Among the entries that follow, locate the line with "Hotel Sch�tzenburg" and the line with "Mercedes-Benz CLA 200". Output those lines and all lines in between, exactly, minus the pictures.

[SOURCE DATA]
-- Opening Marker --
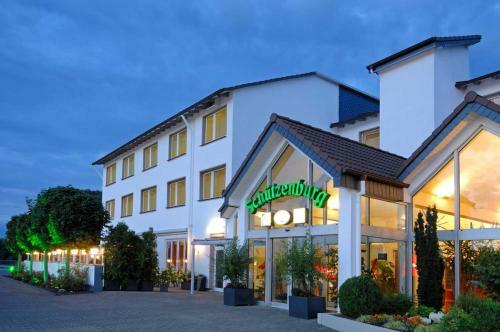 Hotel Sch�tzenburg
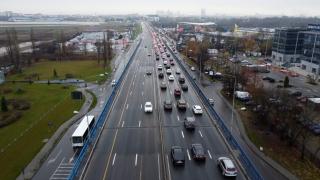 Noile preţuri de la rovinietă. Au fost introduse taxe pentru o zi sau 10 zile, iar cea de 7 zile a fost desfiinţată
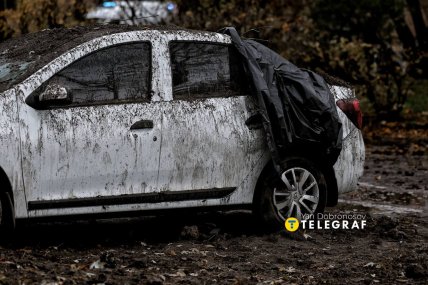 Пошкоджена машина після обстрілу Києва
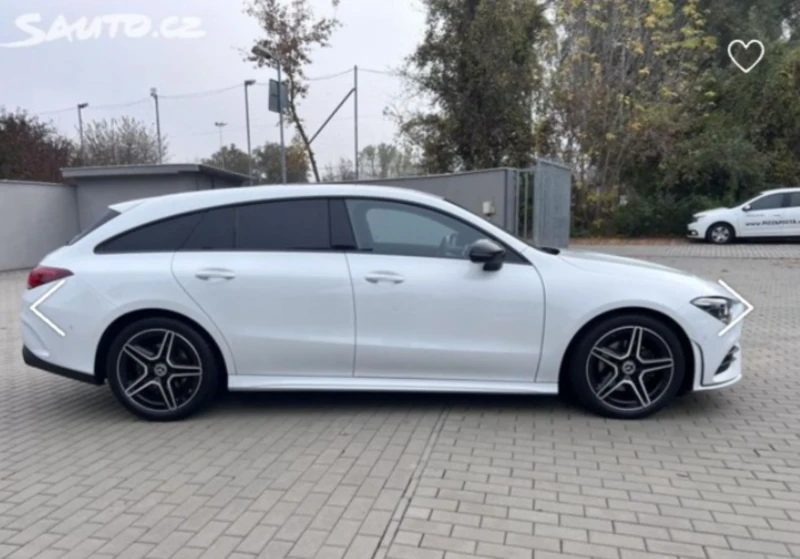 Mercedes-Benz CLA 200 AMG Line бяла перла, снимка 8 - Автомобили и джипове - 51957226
-- Closing Marker --
-- Opening Marker --
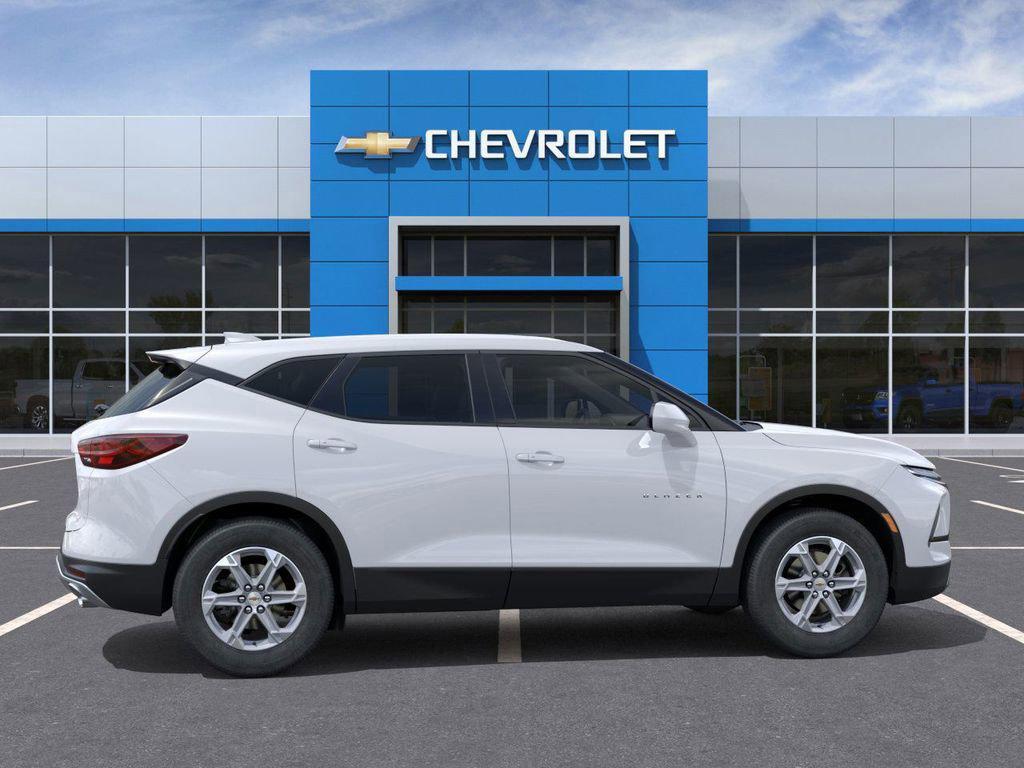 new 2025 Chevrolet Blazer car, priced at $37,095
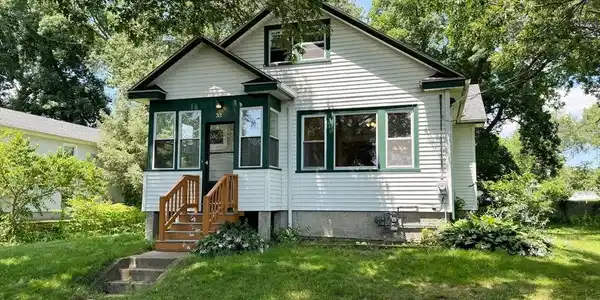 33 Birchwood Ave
-- Closing Marker --
[PROBLEM SOLUTION]
 Hotel Sch�tzenburg
 Noile preţuri de la rovinietă. Au fost introduse taxe pentru o zi sau 10 zile, iar cea de 7 zile a fost desfiinţată
 Пошкоджена машина після обстрілу Києва
 Mercedes-Benz CLA 200 AMG Line бяла перла, снимка 8 - Автомобили и джипове - 51957226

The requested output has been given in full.